By now we've all heard that carbon dioxide is the main culprit behind global warming and that the burning of fossil fuels is the biggest contributing factor to the rise of CO2 in the atmosphere. Reducing our use of fossil fuels has been at the forefront of the fight to combat climate change. The symbols of the green movement—fuel efficient cars, wind turbines, CFL bulbs—are all methods of lowering our carbon footprint.
But some engineers in the UK have been looking at other approaches to the problem. A new report from the Institution of Mechanical Engineers, titled "Geo-engineering: Giving Us the Time to Act?" proposes three plausible technological approaches:
1. Artificial trees
Trees naturally absorb CO2 from the air through photosynthesis and sequester it. Now researchers are looking into the possibility of sequestering CO2 with machines that will do the same thing. Air will pass through the machine and the CO2 will stick to a sorbent material, which is then removed and buried underground.
2. Algae-coated buildings
Like trees, algae also sequesters CO2 through photosynthesis.

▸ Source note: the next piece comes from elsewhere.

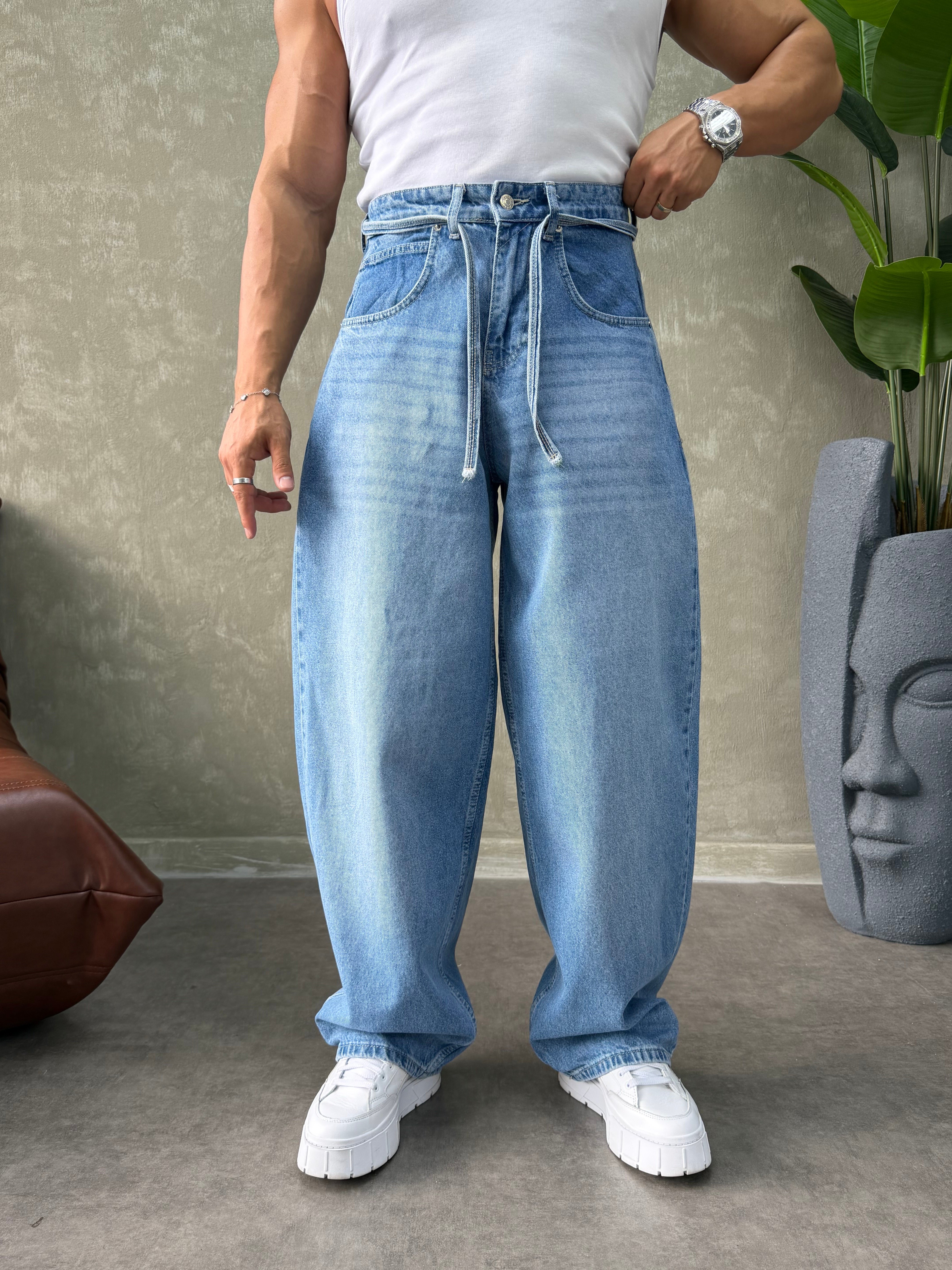 PREMIUM İP DETALI  BALON JEAN MAVİ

According to the report, strips of algae can be fitted to the outside of buildings, turning the building into a giant carbon magnet. The algae can then be harvested for biofuel.
3. Reflective buildings
CO2 traps heat from the sun, warming the earth so reducing the amount of CO2 reduces the amount of trapped heat. But what if we could reduce the amount of heat coming in? The report suggests increasing the number of reflective surfaces on earth, starting with reflective rooftops, and bouncing solar radiation back out towards space.
The report's authors state that geo-engineering is not a silver-bullet that will put an end to global warming, but that these techniques can be an important tool in slowing climate change. The technologies proposed can be used in the short term to buy precious time while we figure out how to reduce our dependance on fossil fuel, and lower the amount of CO2 that we are pumping into the air.